Eighty eligible study villages were randomized into treatment and control groups of 40 villages each, stratified by village size and district.  Median village size was 560 households at baseline, and every village had a primary school and a public dispensary or health center, facilitating fulfillment of program conditions. Overall, some 5,000 families representing 13,000 beneficiaries were given up to $18 per month, depending on the family size, conditioned on keeping their children enrolled in school, taking children under the age of five for regular health checkups, and ensuring that elderly members of the household also went to health clinics on a regular basis. SIEF funded researchers evaluated the impact. Households were surveyed at baseline in 2009, again in 2011 after 18–21 months (about 1.5 years) of transfers, and finally in 2012 after 31–34 months (about 2.5 years) of transfers.

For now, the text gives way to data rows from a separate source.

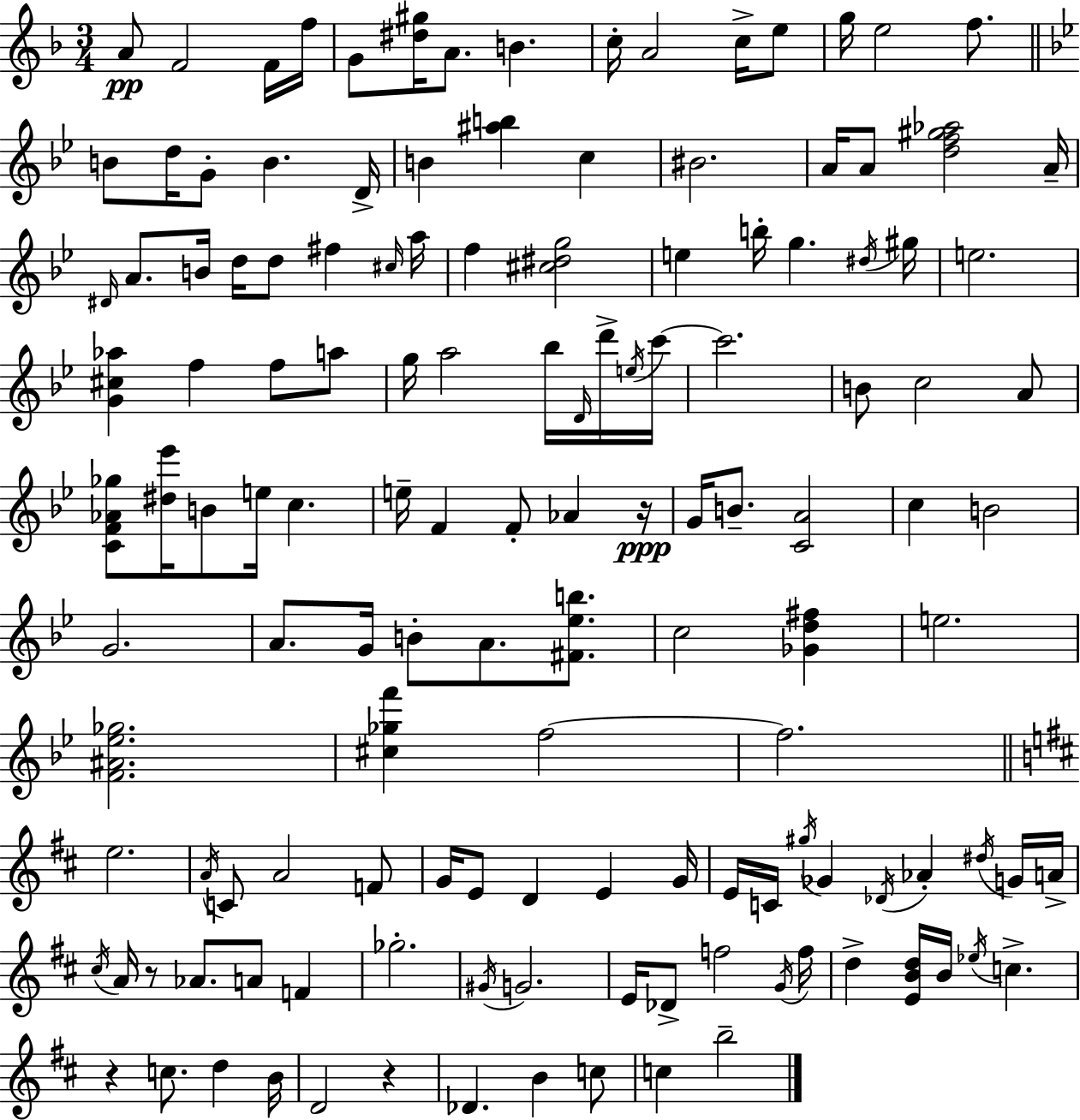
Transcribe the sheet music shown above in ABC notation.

X:1
T:Untitled
M:3/4
L:1/4
K:Dm
A/2 F2 F/4 f/4 G/2 [^d^g]/4 A/2 B c/4 A2 c/4 e/2 g/4 e2 f/2 B/2 d/4 G/2 B D/4 B [^ab] c ^B2 A/4 A/2 [df^g_a]2 A/4 ^D/4 A/2 B/4 d/4 d/2 ^f ^c/4 a/4 f [^c^dg]2 e b/4 g ^d/4 ^g/4 e2 [G^c_a] f f/2 a/2 g/4 a2 _b/4 D/4 d'/4 e/4 c'/4 c'2 B/2 c2 A/2 [CF_A_g]/2 [^d_e']/4 B/2 e/4 c e/4 F F/2 _A z/4 G/4 B/2 [CA]2 c B2 G2 A/2 G/4 B/2 A/2 [^F_eb]/2 c2 [_Gd^f] e2 [F^A_e_g]2 [^c_gf'] f2 f2 e2 A/4 C/2 A2 F/2 G/4 E/2 D E G/4 E/4 C/4 ^g/4 _G _D/4 _A ^d/4 G/4 A/4 ^c/4 A/4 z/2 _A/2 A/2 F _g2 ^G/4 G2 E/4 _D/2 f2 G/4 f/4 d [EBd]/4 B/4 _e/4 c z c/2 d B/4 D2 z _D B c/2 c b2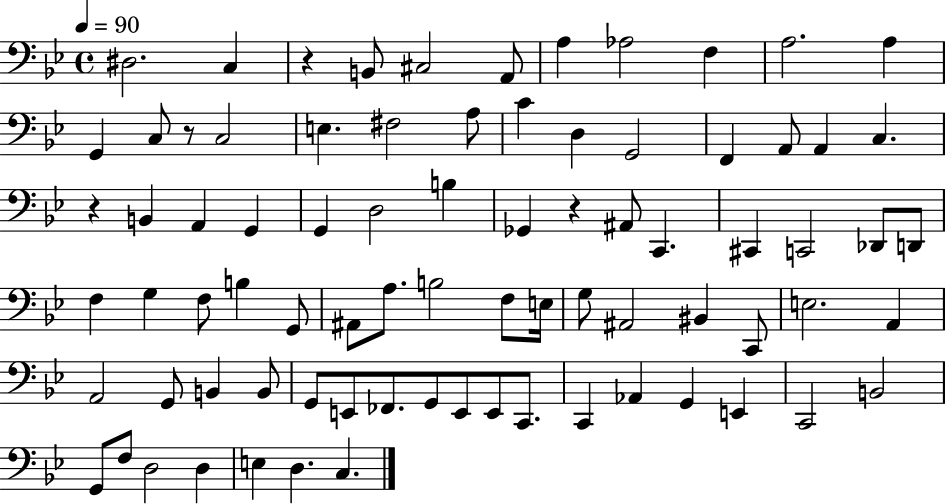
X:1
T:Untitled
M:4/4
L:1/4
K:Bb
^D,2 C, z B,,/2 ^C,2 A,,/2 A, _A,2 F, A,2 A, G,, C,/2 z/2 C,2 E, ^F,2 A,/2 C D, G,,2 F,, A,,/2 A,, C, z B,, A,, G,, G,, D,2 B, _G,, z ^A,,/2 C,, ^C,, C,,2 _D,,/2 D,,/2 F, G, F,/2 B, G,,/2 ^A,,/2 A,/2 B,2 F,/2 E,/4 G,/2 ^A,,2 ^B,, C,,/2 E,2 A,, A,,2 G,,/2 B,, B,,/2 G,,/2 E,,/2 _F,,/2 G,,/2 E,,/2 E,,/2 C,,/2 C,, _A,, G,, E,, C,,2 B,,2 G,,/2 F,/2 D,2 D, E, D, C,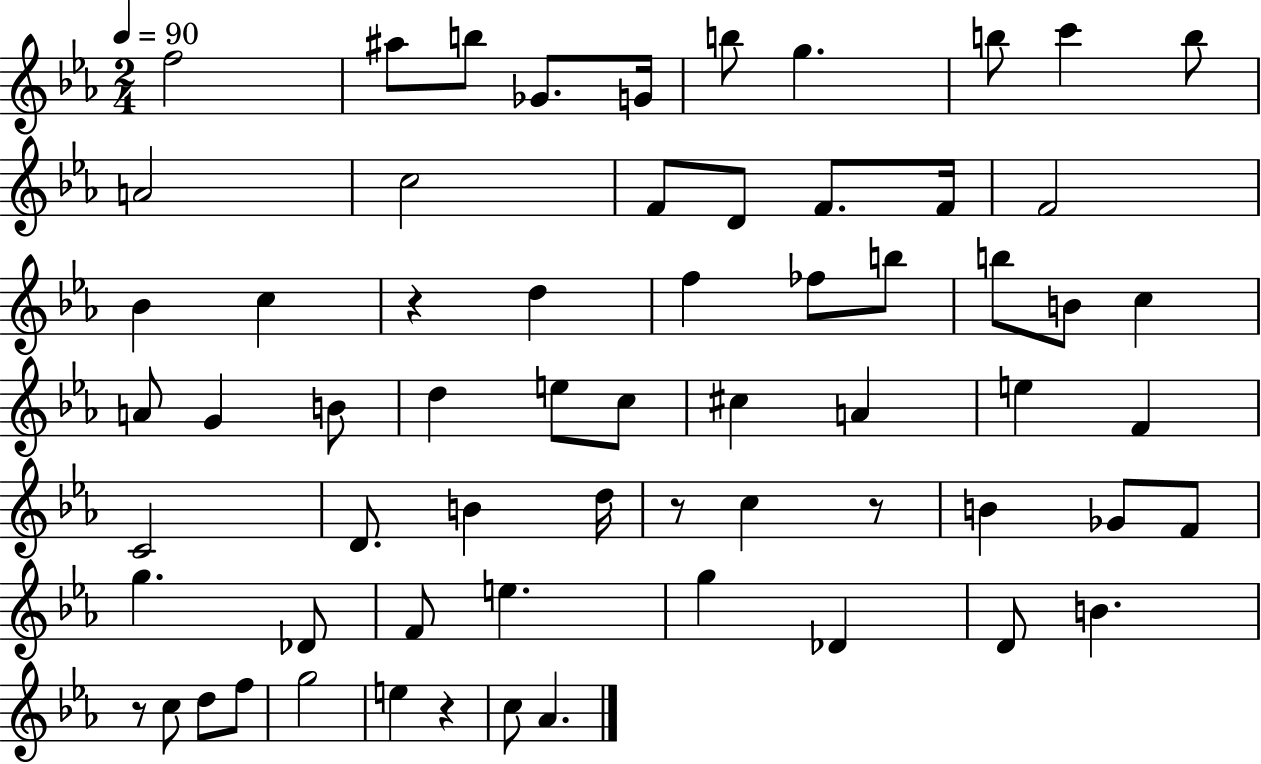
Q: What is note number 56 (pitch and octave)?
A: G5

The program increased the likelihood of seeking treatment when ill, and that it led to significantly higher investments in preventative health measures. For example, there was an 18 percentage points increase in shoe ownership, which can reduce exposure to parasitic worms. Health improvements were concentrated among young children from birth through the age of five, but there were no detectable health improvements for elderly individuals, who were supposed to visit a health clinic once a year. The health improvements, however, took time to materialize: There had been no improvement for children after 1.5 years, but when researchers surveyed the beneficiaries after 2.5 years, children up to age five had 0.76 fewer sick days per month, showing the importance of  looking beyond the short term. There also were significant increases in take-up of health insurance. After 2.5 years, households in villages where the program was implemented were 36 percentage points more likely to participate in the government-run health insurance program, known as the Community Health Fund, or CHF, and being in the program raised by 16 percentage points the likelihood of a household financing medical treatment with health insurance. The project had a significant positive impact on non-bank household savings. For example, participating households invested in more livestock assets, which they used to create small enterprises. The evaluation showed that these programs don’t need to be run centrally to succeed:  communities worked with local government authorities and TASAF to do their own screening and monitoring to identify beneficiaries and ensure they followed conditions for receiving payments.

The Government of Tanzania scaled up the project to include the country’s 123 districts and two islands. In 2015, the program was reaching 1.1 million households across 10,000 villages nationwide, benefitting more than 5.5 million of the country’s poorest citizens. The social safety net project is being implemented with World Bank support.